Bolted assembly, friction force, clamping force

[Ricky Bobby]

I think I have solved my problem for a friction force between a bolted assembly, or at least I think did. If a torque was given of 267.6 in-lbs and a constant of k=0.2 and the diameter(d) =0.5,
T=k*P*d should equal 267.6=0.2*P*0.5, resulting in P=2676lbs.
Then using the equation:
Tc=F*fc*dc/2
Where Tc=Torque
F= force =2676lbs
fc= collar friction coefficient =0.15
dc=mean collar diameter= dm+1.5dm/2=2.5dm/2=1.25dm: dc=dm*diameter=1.25*0.5=0.625
Tc=2676*0.15*0.625/2
Tc=125.438in-lbs
Then
Tc=ff*n
Tc=Torque=125.438in-lbs
ff=friction force
n=center of bolt hole to outer edge of part =0.46inches
125.438in-lbs=ff*0.46in
ff=272.69lbs?
Seems high for a frictional force for a 1/2 inch diameter bolt.
Any help is greatly appreciated. Thank you for any help you can lend.

 

[KataKoniK]

Hello,

Thank you for sharing your solution for the friction force between a bolted assembly. Your calculations and equations seem to be correct, and I agree that the calculated friction force of 272.69lbs does seem high for a 1/2 inch diameter bolt.

One possible explanation for this could be the assumption of a constant friction coefficient of 0.15 for the collar. In reality, the friction coefficient can vary depending on factors such as surface roughness, lubrication, and contact pressure. It is also important to note that the friction coefficient may not remain constant throughout the entire assembly, as it can change at different contact points.

Another factor that could contribute to the high calculated friction force is the use of a mean collar diameter. This assumes that the collar is perfectly round, which may not be the case in reality. The actual contact area between the collar and the bolt may be smaller, leading to a higher contact pressure and thus a higher friction force.

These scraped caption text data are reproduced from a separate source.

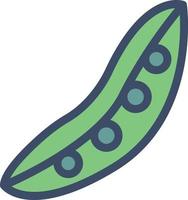 peas vector illustration on a background.Premium quality symbols.vector icons for concept and graphic design.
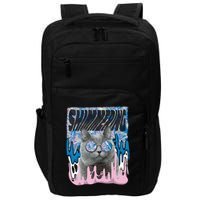 Dazed Cat With Glasses Impact Tech Backpack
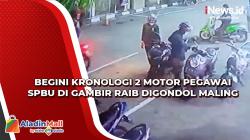 Begini Kronologi 2 Motor Pegawai SPBU di Gambir Raib digondol Maling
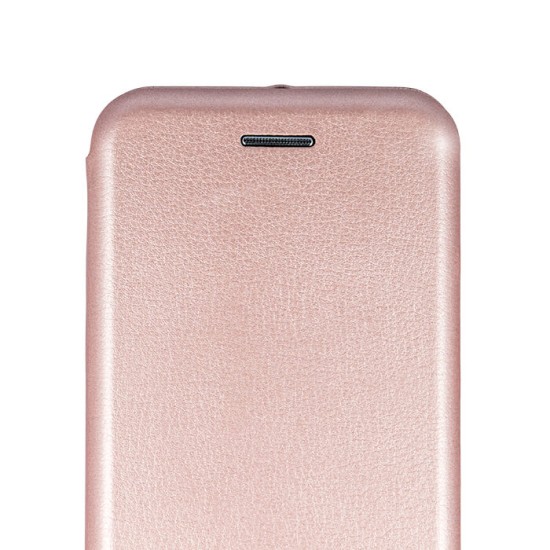 Beeyo Book Diva priekš Huawei Y5 II (Y5 2) / Y6 II (Y6 2) Compact - Rozā Zelts - sāniski atverams maciņš ar stendu (ādas maks, grāmatiņa, leather book wallet case cover stand)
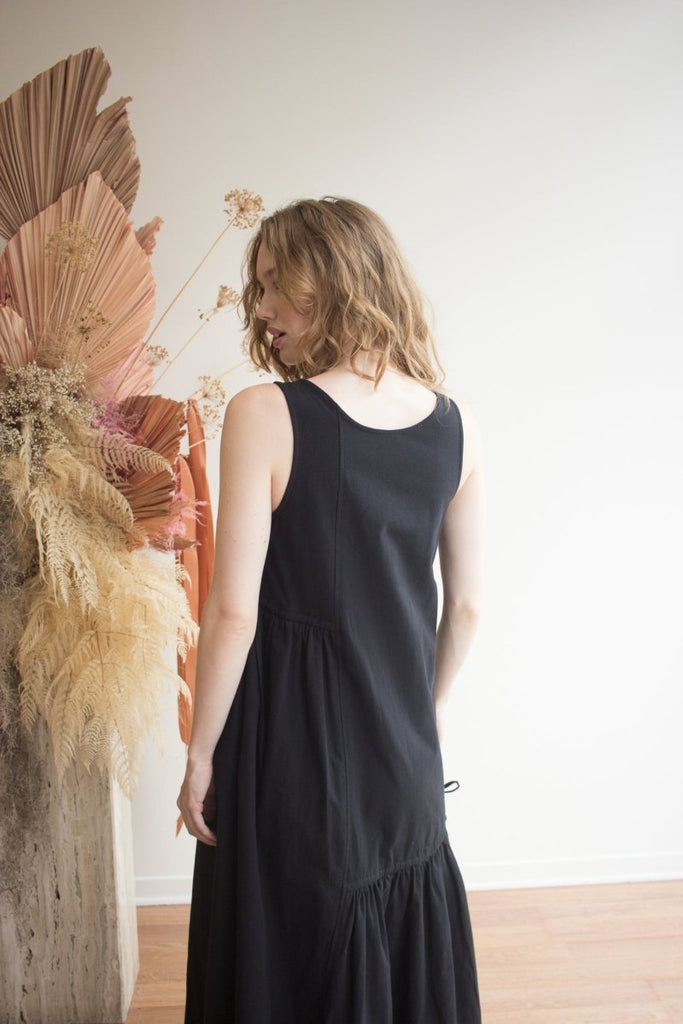 Hijulez Patio Dress (Black) - Victoire BoutiquehijulezDresses Ottawa Boutique Shopping Clothing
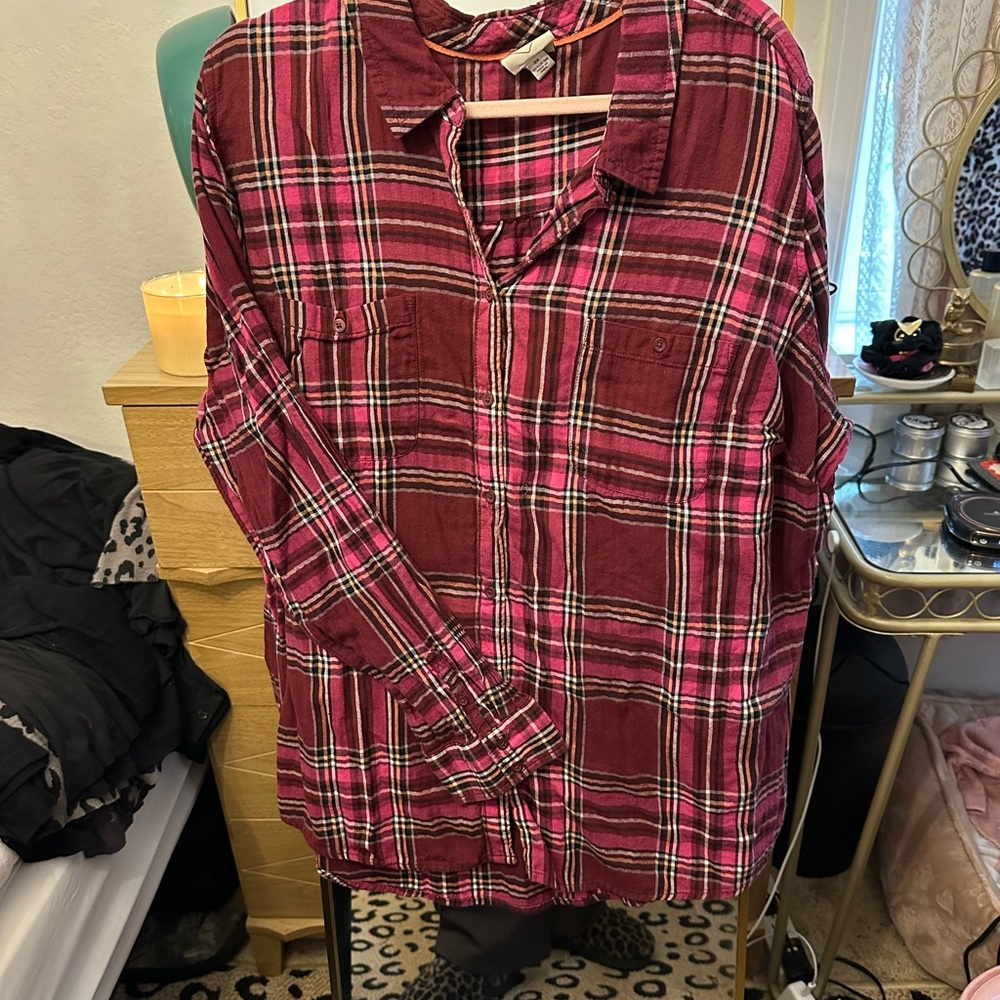 Plus size flannel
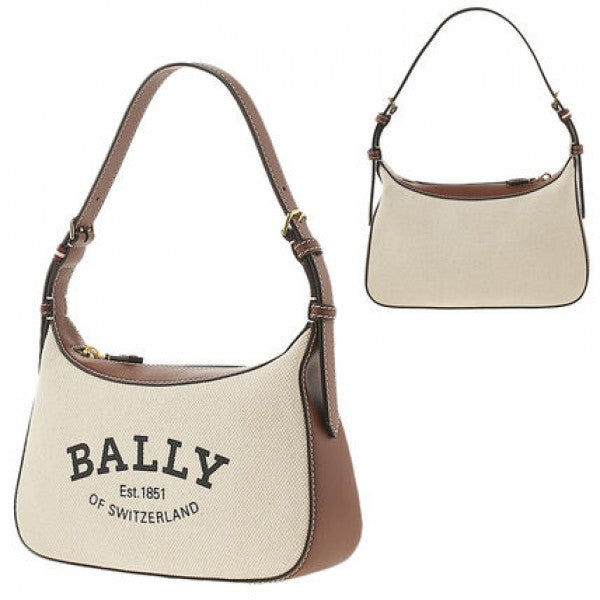 Bally Coralye Canvas Shoulder Bag With OG Box & Dust Bag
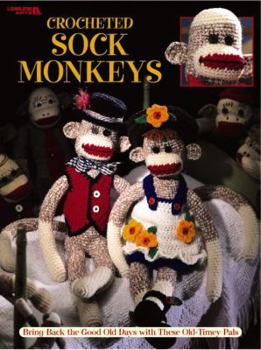 Paperback Crocheted Sock Monkeys (Leisure Arts #3130) Book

In conclusion, while your solution may be mathematically correct, it is important to consider the uncertainties and assumptions involved in calculating the friction force in a bolted assembly. Further analysis and testing may be needed to accurately determine the friction force in this scenario.

I hope this helps. Thank you for your contribution to the forum.